**DATA SECTION:**

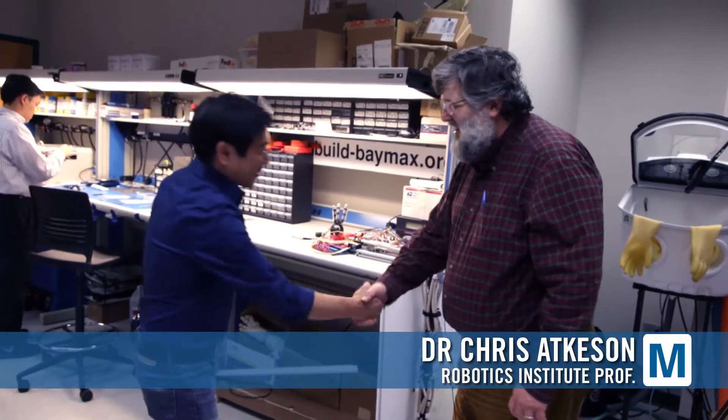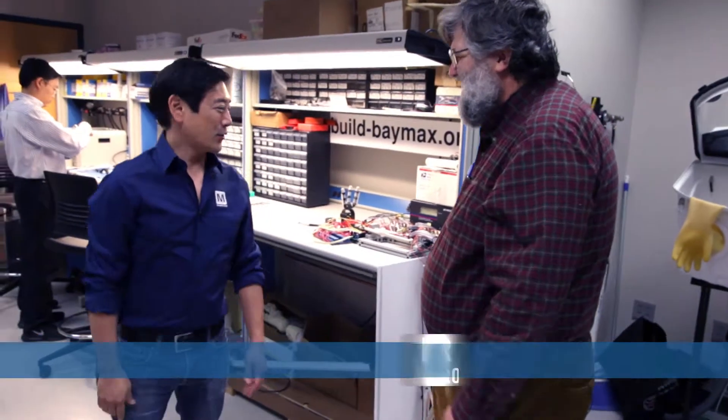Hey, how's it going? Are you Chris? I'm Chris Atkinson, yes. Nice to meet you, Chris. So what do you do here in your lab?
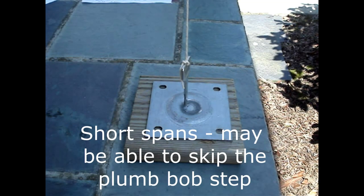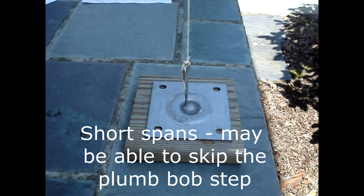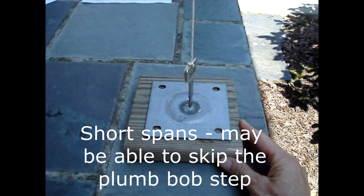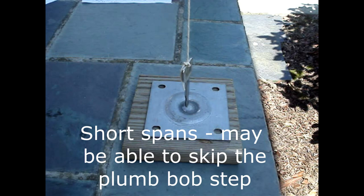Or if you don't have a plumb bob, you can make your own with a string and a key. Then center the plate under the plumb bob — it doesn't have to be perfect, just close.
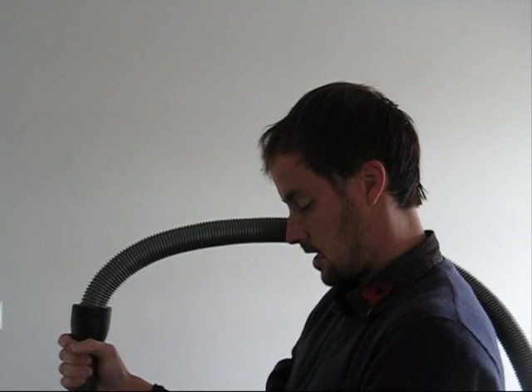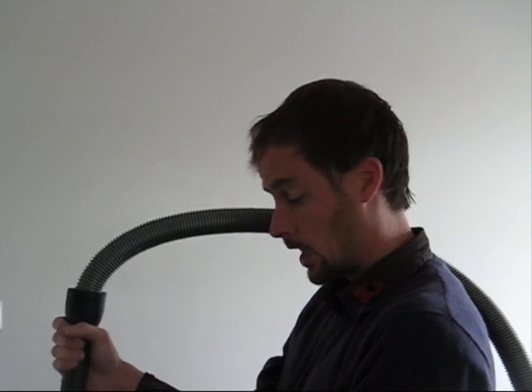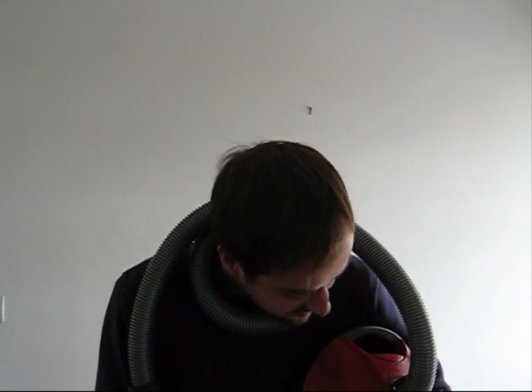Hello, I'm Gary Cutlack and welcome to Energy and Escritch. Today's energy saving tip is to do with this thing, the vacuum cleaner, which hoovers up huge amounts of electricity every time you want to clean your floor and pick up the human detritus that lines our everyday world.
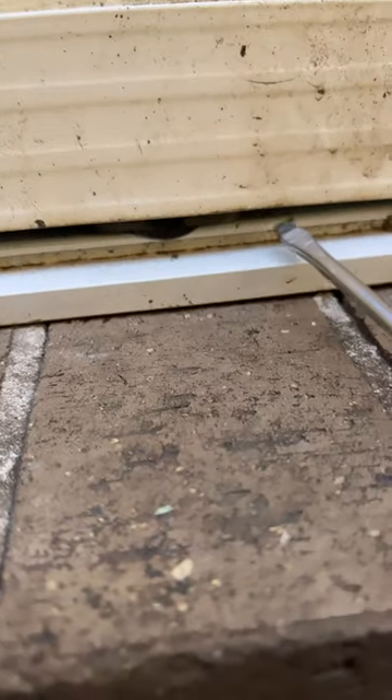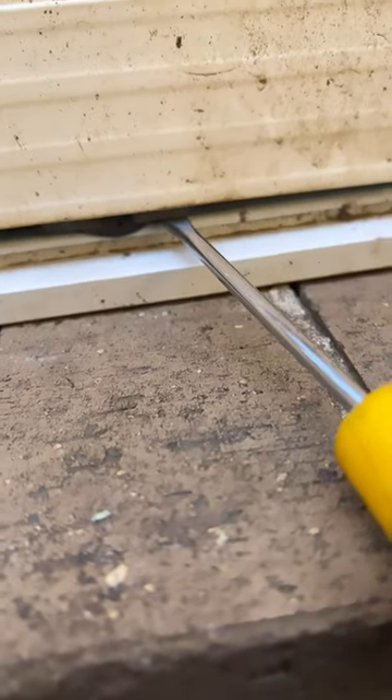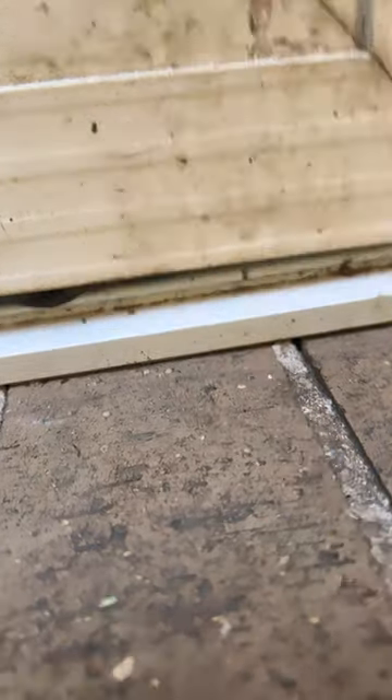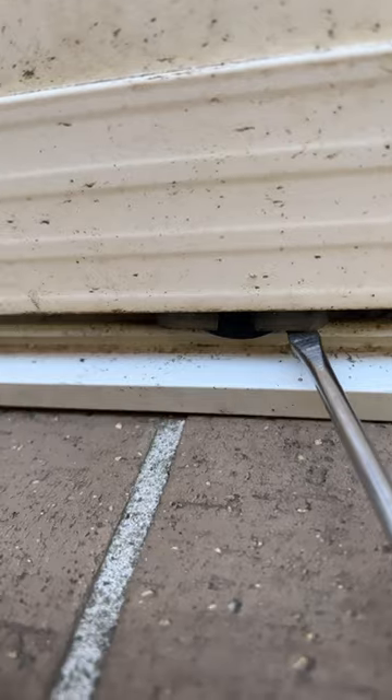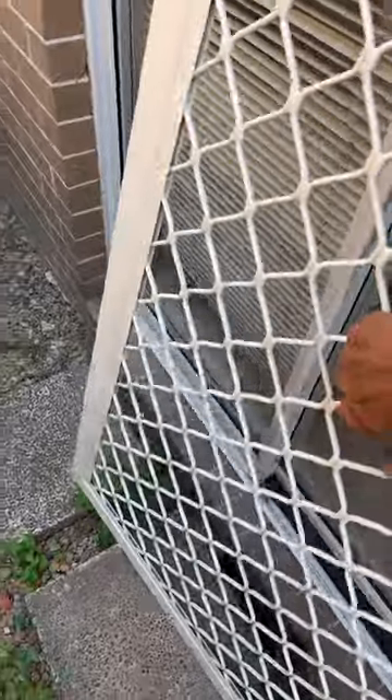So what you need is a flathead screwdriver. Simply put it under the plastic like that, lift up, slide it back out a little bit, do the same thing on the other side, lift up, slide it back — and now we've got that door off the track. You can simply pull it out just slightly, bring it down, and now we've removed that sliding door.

**WORK ITEM:**
Where a line contains "Or if you don't", begin there and set down exactly each line through the end of the data above, omitting any pictures.

**THE COMPLETED TASK:**
Or if you don't have a plumb bob, you can make your own with a string and a key. Then center the plate under the plumb bob — it doesn't have to be perfect, just close.
Hello, I'm Gary Cutlack and welcome to Energy and Escritch. Today's energy saving tip is to do with this thing, the vacuum cleaner, which hoovers up huge amounts of electricity every time you want to clean your floor and pick up the human detritus that lines our everyday world.
So what you need is a flathead screwdriver. Simply put it under the plastic like that, lift up, slide it back out a little bit, do the same thing on the other side, lift up, slide it back — and now we've got that door off the track. You can simply pull it out just slightly, bring it down, and now we've removed that sliding door.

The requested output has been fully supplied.